# Prompt:
With images removed, return the whole listing exactly as written.

# Extracted material:
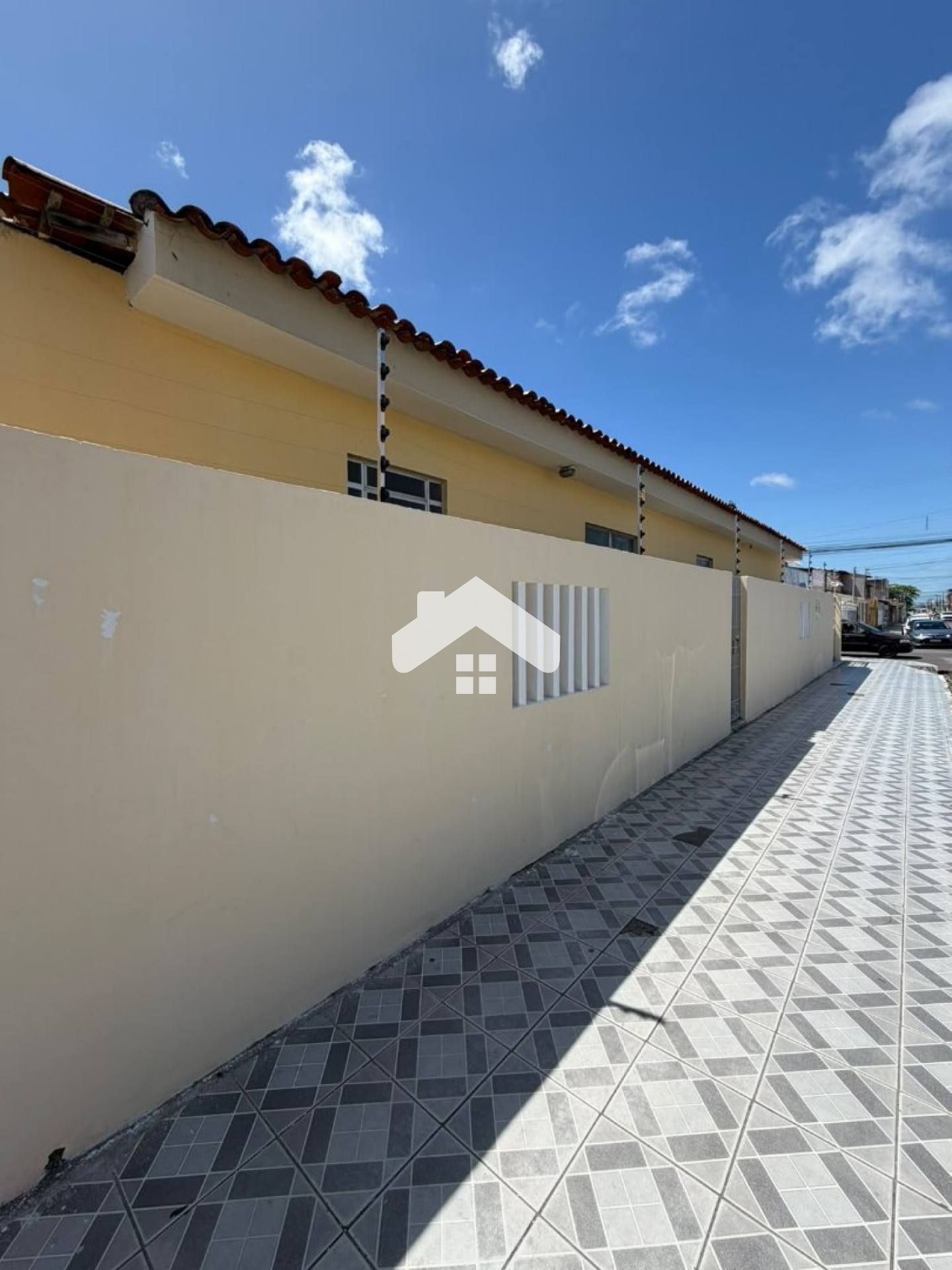 Casa com 2/4, 1 suíte, quintal, área de serviço - Siqueira Campos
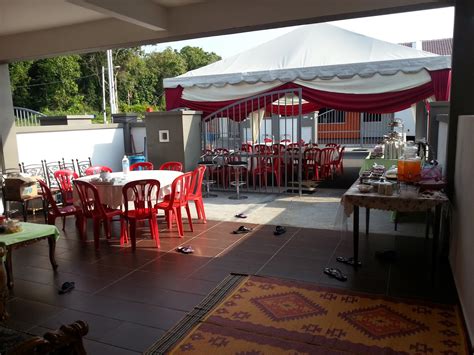 Hari raya idul fitri 2020 ini kita akan merasakan situasi yang berbeda. Doa Selamat dan Jamuan Hari Raya - Cik Azizah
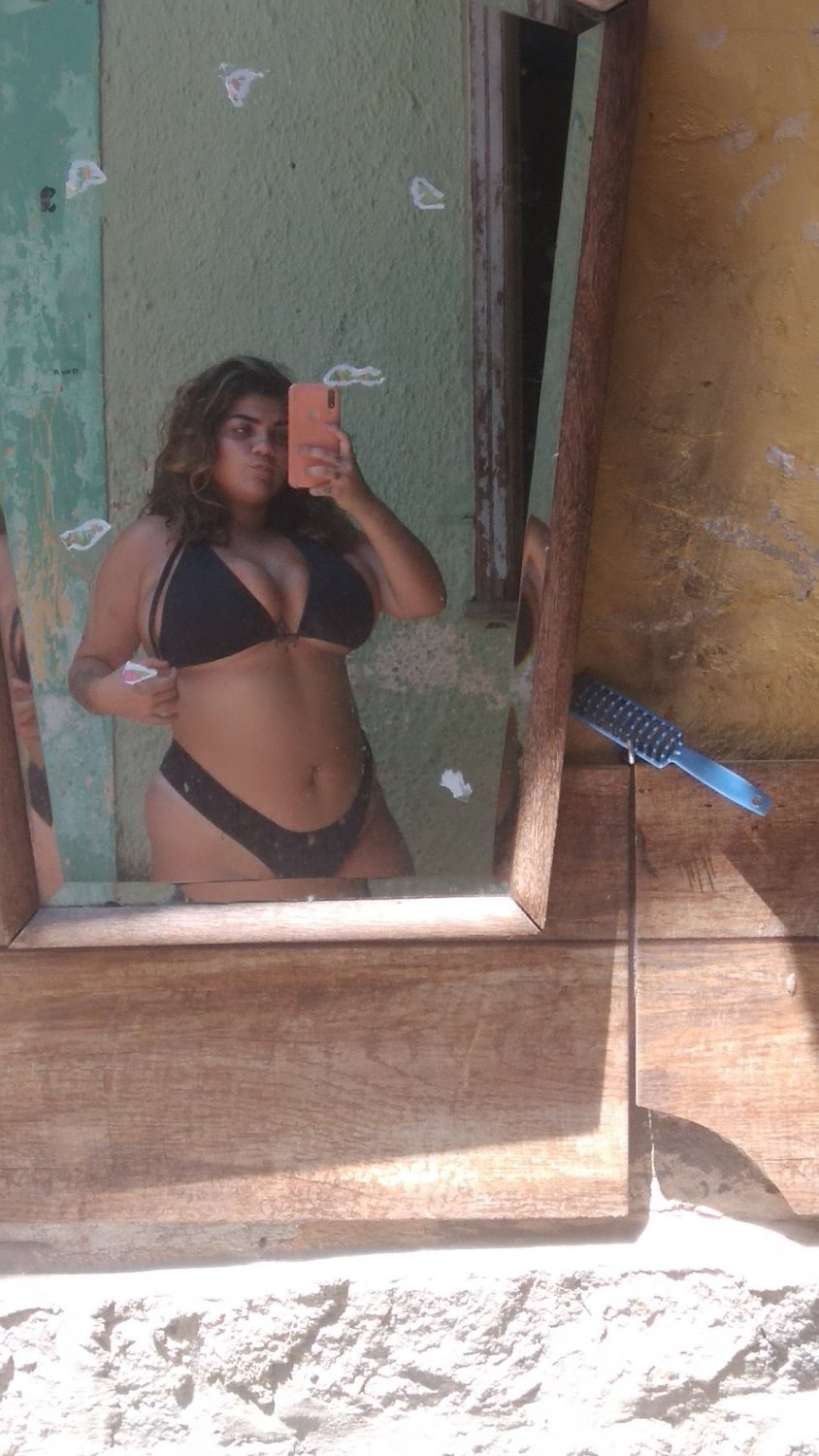 Gordinha branquela peituda #r54YI3HF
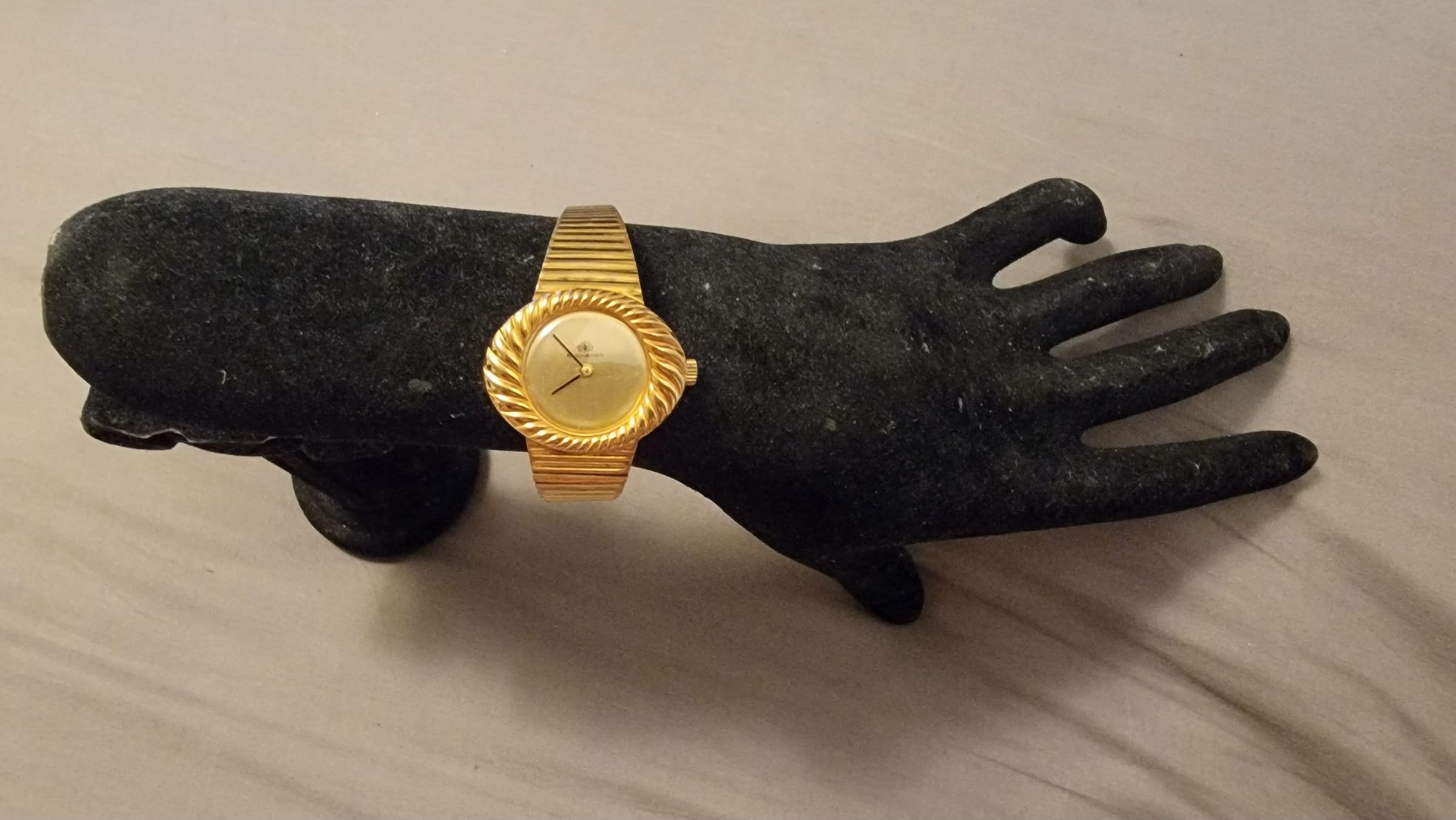 Rare Vintage Bucherer Gold Plated Swiss Made Manual Wind Ladies Watch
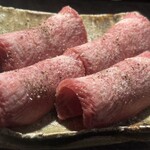 배고파  - 黒タン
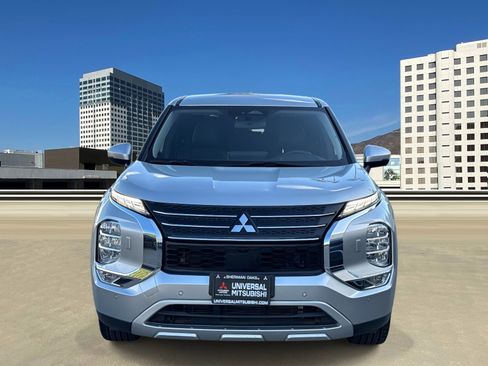 Used 2024 Mitsubishi Outlander AWD image 2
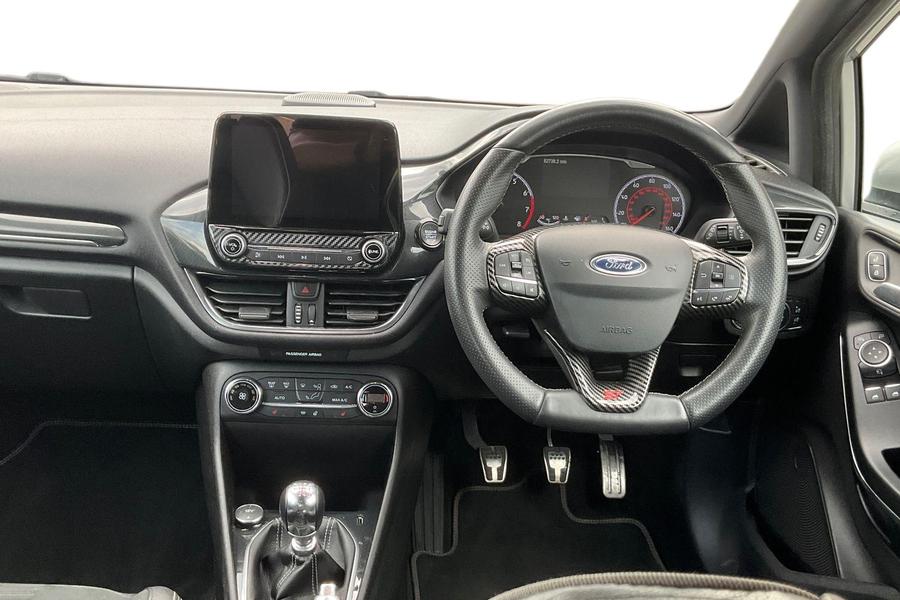 Ford Fiesta Photo autoimg-db83ee66bbcccd75f4890e4387161a447a7812ec.jpg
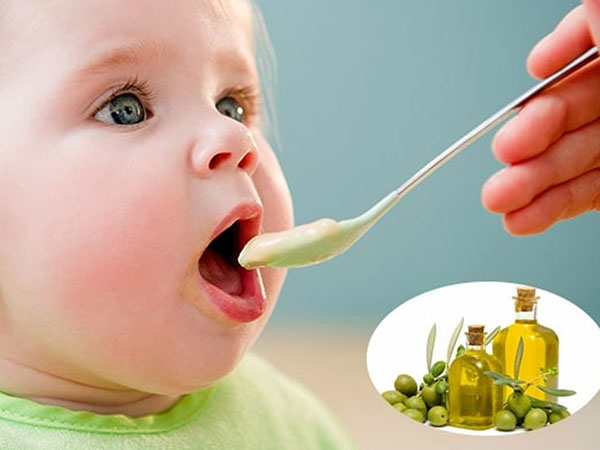 Trung bình trẻ em một tháng tuổi cần từ 31- 33 g chất béo mỗi ngày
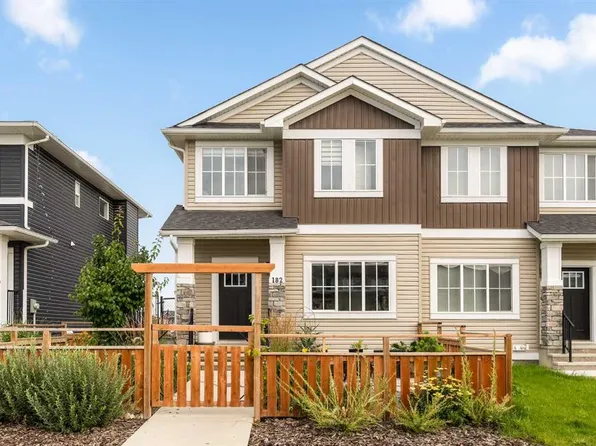 182 S River Heights Dr, Cochrane, AB T4C 0Y1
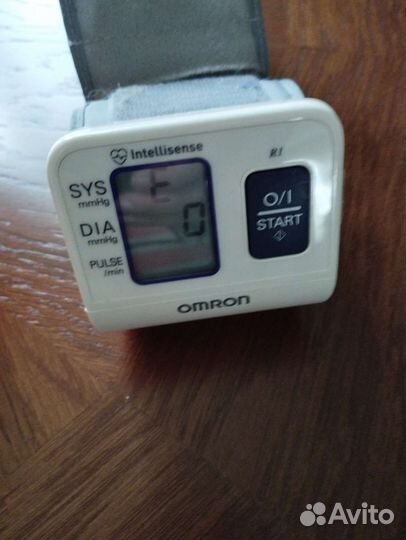 Тонометр на запястье омрон
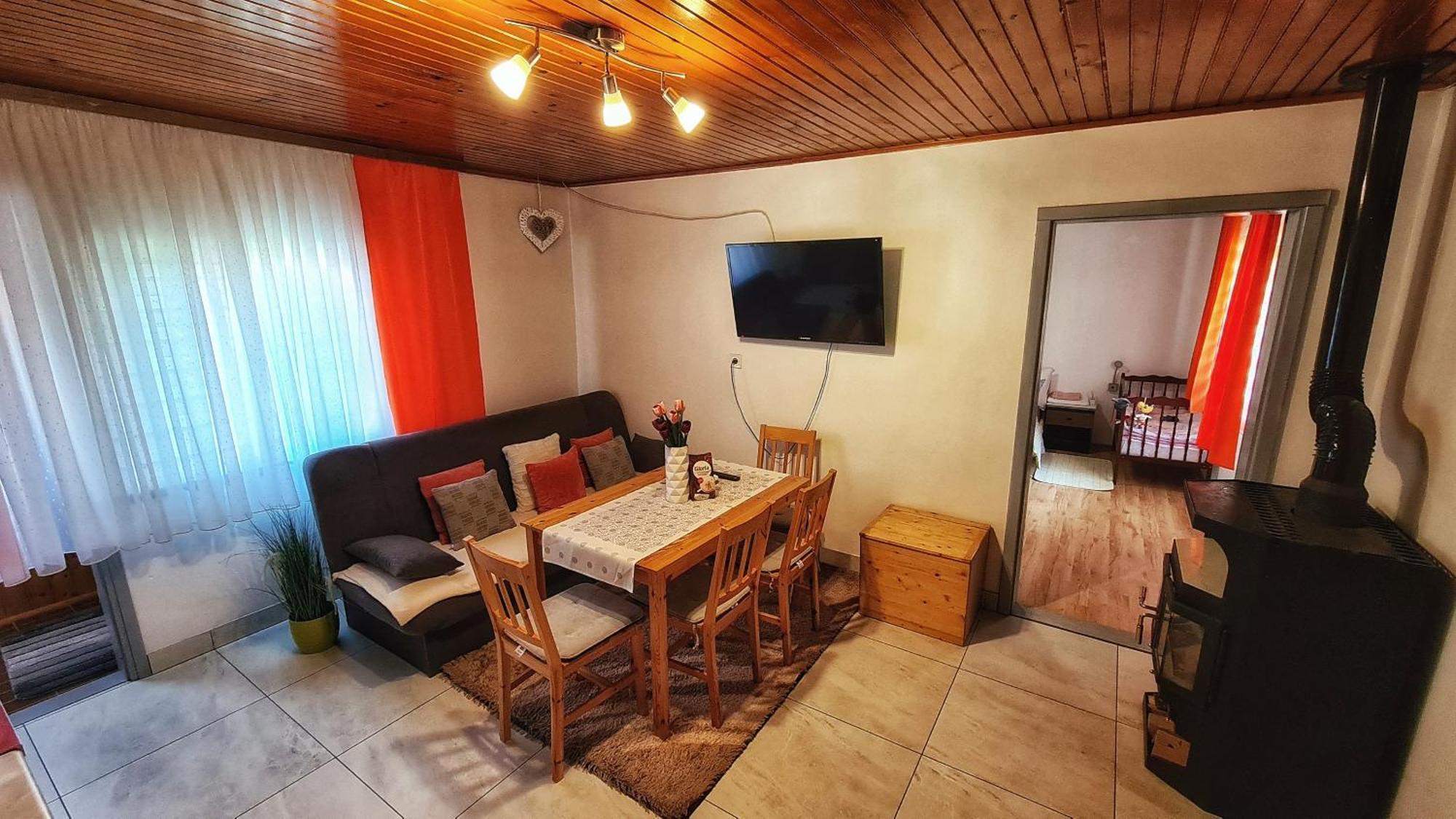 Holiday Home Radocaj Слуни Екстериор снимка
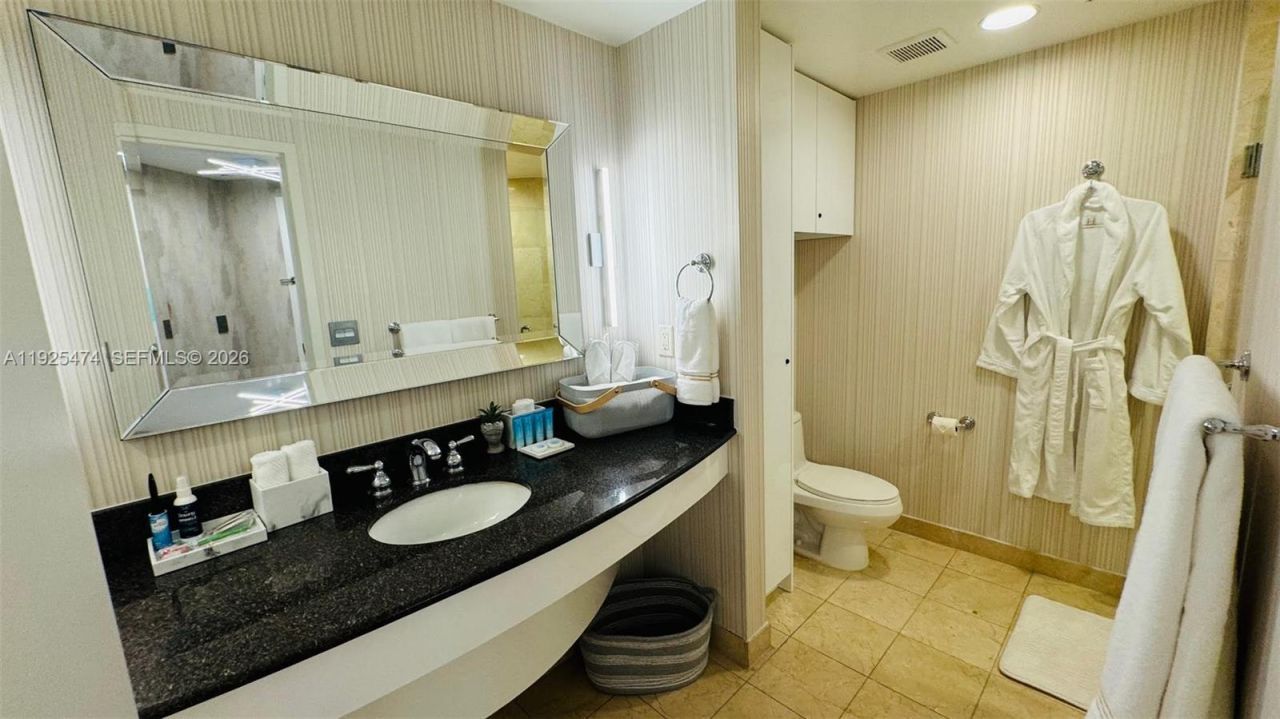 18001 Collins Ave, Unit 1110, Sunny Isles Beach, FL 33160 Photo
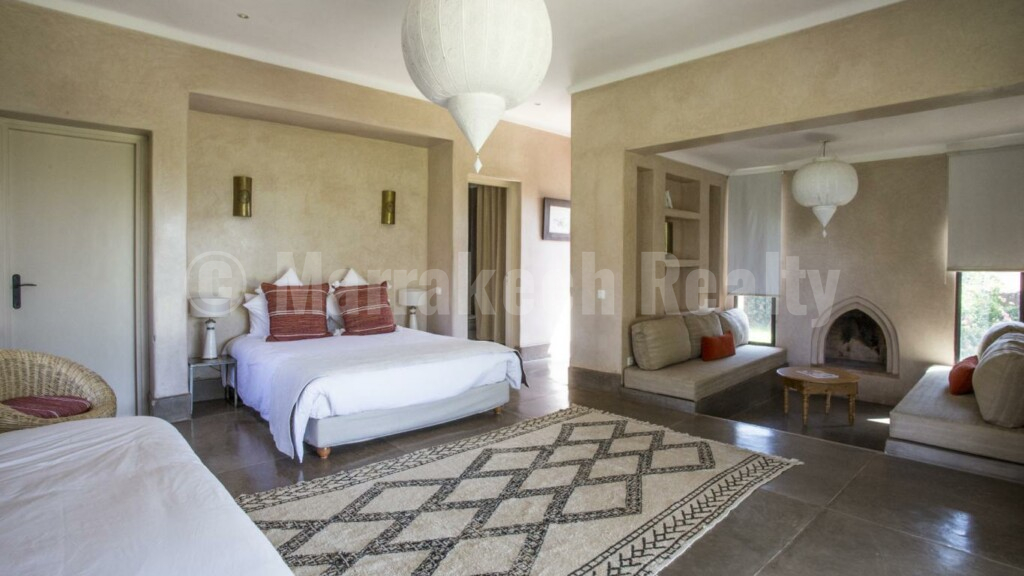 Standout 6 bedroom villa on 1 hectare with prime location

# Written reply:
 Casa com 2/4, 1 suíte, quintal, área de serviço - Siqueira Campos
 Hari raya idul fitri 2020 ini kita akan merasakan situasi yang berbeda. Doa Selamat dan Jamuan Hari Raya - Cik Azizah
 Gordinha branquela peituda #r54YI3HF
 Rare Vintage Bucherer Gold Plated Swiss Made Manual Wind Ladies Watch
 배고파  - 黒タン
 Used 2024 Mitsubishi Outlander AWD image 2
 Ford Fiesta Photo autoimg-db83ee66bbcccd75f4890e4387161a447a7812ec.jpg
 Trung bình trẻ em một tháng tuổi cần từ 31- 33 g chất béo mỗi ngày
 182 S River Heights Dr, Cochrane, AB T4C 0Y1
 Тонометр на запястье омрон
 Holiday Home Radocaj Слуни Екстериор снимка
 18001 Collins Ave, Unit 1110, Sunny Isles Beach, FL 33160 Photo
 Standout 6 bedroom villa on 1 hectare with prime location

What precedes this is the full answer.